Special Report

Great politician educationists

Politicians venturing into education is by no means an exclusively Indian phenomenon. Through history and around the world, prominent politicians have built great and durable education institutions to fulfill national development objectives. Among them:

Thomas Jefferson (1743-1826). The third president of the United States (1801-09), Jefferson founded the University of Virginia in 1819. Since then over the past 150 years, the university has grown in stature and reputation and  is currently (2009) ranked the second best public university in the US by US News & World Report. It offers 51 bachelors, 84 Masters, two first-professional degree (law and medicine) and 57 doctoral programmes to 21,000 enrolled students.

Abraham Alfonse Albert Gallatin (1761-1849). A Swiss-American ethnologist, linguist, politician, diplomat, Congressman, and the longest-serving US treasury secretary (1801-1814), Albert Gallatin founded New York University in 1831. Currently the university boasts an enrollment of 40,000 students educated in 14 academic schools.
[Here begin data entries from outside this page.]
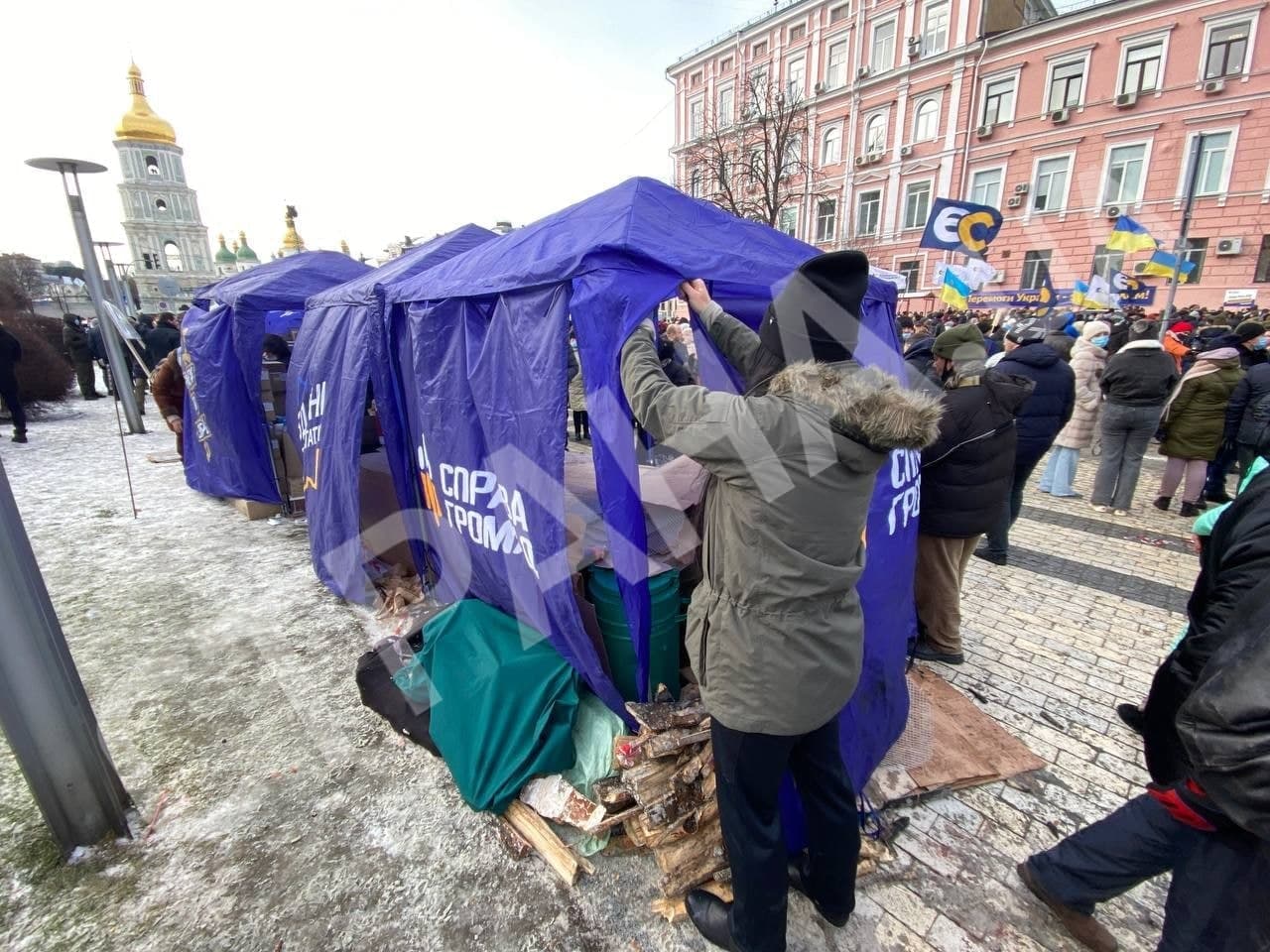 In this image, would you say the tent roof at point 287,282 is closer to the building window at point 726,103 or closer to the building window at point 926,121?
the building window at point 926,121

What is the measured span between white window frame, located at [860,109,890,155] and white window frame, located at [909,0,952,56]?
2.44 m

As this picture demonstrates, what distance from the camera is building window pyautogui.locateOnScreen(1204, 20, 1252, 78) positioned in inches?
674

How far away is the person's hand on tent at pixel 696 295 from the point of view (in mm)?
2100

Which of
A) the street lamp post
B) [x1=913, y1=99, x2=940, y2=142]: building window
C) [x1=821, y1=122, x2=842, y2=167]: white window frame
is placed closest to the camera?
the street lamp post

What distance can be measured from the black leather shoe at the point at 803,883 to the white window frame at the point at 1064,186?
25.6 metres

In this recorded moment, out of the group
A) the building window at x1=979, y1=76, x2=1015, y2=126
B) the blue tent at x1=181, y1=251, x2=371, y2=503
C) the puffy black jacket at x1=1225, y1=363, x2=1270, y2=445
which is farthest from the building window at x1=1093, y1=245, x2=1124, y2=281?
the blue tent at x1=181, y1=251, x2=371, y2=503

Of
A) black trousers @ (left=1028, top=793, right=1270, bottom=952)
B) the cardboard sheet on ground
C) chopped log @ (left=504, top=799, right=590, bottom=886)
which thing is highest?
black trousers @ (left=1028, top=793, right=1270, bottom=952)

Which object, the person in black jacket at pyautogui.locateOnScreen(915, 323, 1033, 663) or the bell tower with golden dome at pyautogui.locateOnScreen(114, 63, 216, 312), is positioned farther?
the bell tower with golden dome at pyautogui.locateOnScreen(114, 63, 216, 312)

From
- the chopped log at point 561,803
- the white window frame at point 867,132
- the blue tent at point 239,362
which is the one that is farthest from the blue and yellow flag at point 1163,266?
the white window frame at point 867,132

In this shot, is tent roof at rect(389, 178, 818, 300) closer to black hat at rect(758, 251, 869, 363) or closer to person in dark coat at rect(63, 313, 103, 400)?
black hat at rect(758, 251, 869, 363)

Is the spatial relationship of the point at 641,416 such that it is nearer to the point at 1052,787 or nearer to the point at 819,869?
the point at 819,869

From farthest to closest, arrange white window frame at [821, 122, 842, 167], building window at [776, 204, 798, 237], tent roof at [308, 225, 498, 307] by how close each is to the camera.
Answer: building window at [776, 204, 798, 237] → white window frame at [821, 122, 842, 167] → tent roof at [308, 225, 498, 307]

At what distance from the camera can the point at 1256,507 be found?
1306mm

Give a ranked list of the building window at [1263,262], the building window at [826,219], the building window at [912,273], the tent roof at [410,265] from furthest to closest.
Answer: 1. the building window at [826,219]
2. the building window at [912,273]
3. the building window at [1263,262]
4. the tent roof at [410,265] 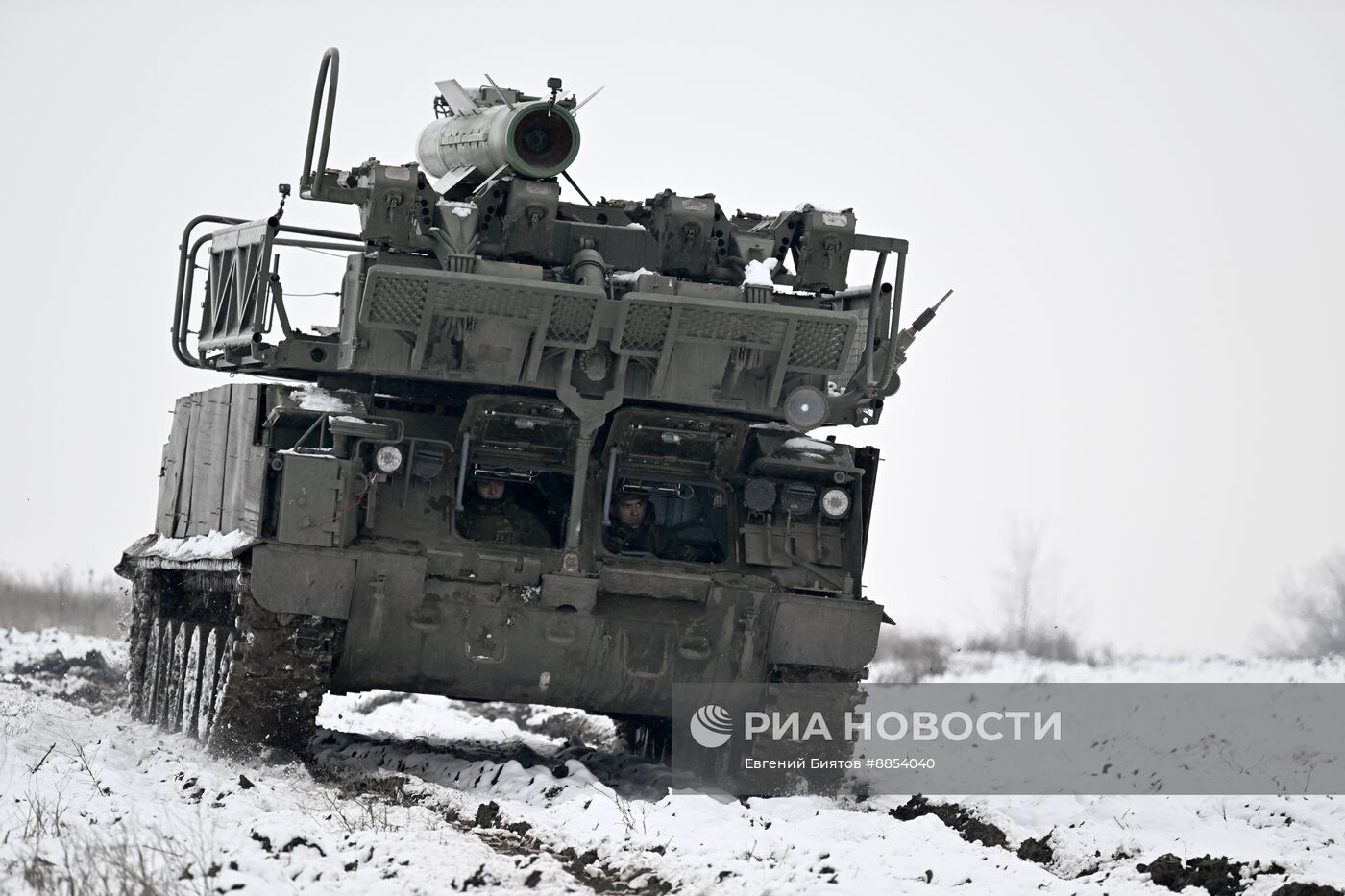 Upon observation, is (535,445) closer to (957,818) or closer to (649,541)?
(649,541)

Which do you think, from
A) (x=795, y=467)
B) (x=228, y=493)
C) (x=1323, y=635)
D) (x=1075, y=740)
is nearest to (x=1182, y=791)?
(x=795, y=467)

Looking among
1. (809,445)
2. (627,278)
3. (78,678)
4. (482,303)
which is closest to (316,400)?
(482,303)

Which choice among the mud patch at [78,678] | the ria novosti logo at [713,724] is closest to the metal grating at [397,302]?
the ria novosti logo at [713,724]

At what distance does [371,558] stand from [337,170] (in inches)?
105

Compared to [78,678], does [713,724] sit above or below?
above

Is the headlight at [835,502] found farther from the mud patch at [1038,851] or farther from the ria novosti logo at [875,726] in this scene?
the mud patch at [1038,851]

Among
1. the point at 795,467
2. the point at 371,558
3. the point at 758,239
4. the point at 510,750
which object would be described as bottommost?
the point at 510,750

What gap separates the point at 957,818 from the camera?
11.4 metres

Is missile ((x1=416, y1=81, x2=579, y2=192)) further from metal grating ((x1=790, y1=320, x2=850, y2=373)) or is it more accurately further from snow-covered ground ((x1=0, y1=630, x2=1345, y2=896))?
snow-covered ground ((x1=0, y1=630, x2=1345, y2=896))

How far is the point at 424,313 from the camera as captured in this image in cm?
1244

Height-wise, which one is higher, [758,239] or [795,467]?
[758,239]

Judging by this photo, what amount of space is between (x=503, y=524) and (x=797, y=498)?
1929 mm

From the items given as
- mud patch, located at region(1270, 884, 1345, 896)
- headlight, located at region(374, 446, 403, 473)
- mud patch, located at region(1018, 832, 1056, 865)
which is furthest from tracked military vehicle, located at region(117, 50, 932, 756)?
mud patch, located at region(1270, 884, 1345, 896)

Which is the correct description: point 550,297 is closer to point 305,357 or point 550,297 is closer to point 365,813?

Amasa Leland Stanford (1824-1893). Lawyer, railroad magnate, and the first Republican governor of California, Stanford founded the Leland Stanford Junior University, California in 1885. Today Stanford University, sited on farmland donated by its eponymous founder who also endowed it with an initial grant of US $20 million, is widely acknowledged as one of the world’s premier research universities. With an aggregate enrollment of 6,700 undergraduate and 8,000 graduate students, Stanford U is highly respected for its business, law and medical education schools.

Friedrich Wilhelm Christian Karl Ferdinand (1767-1835). Linguist and philosopher, Ferdinand promoted The Humboldt University of Berlin in 1810 when he was Prussia’s minister for education. This is Berlin’s oldest university and has produced 29 Nobel prize winners (including Albert Einstein, 1921) and boasts an enrollment of 35,000 students in its 11 faculties.

Henry Brougham. Lawyer, politician and Lord Chancellor (chairman of the House of Lords), UK, Brougham together with poet Thomas Campbell established the University of London in 1825, the first university to admit women on equal terms with men. Ranked among the top 25 universities worldwide, it has an enrollment of 22,000 students and has produced 20 Nobel Prize winners.

Andrew Cornell White (1832-1918). The US ambassador to Germany (1879-1881) and Russia (1892-1894), White co-founded Cornell University in Ithaca, New York in 1865. Today this blue-chip university has an enrollment of 20,833 students in its seven undergraduate, six graduate and four professional schools spread over three campuses. During the past 144 years since it was established, Cornell has nurtured 40 Nobel Prize winners from within its faculty and student bodies.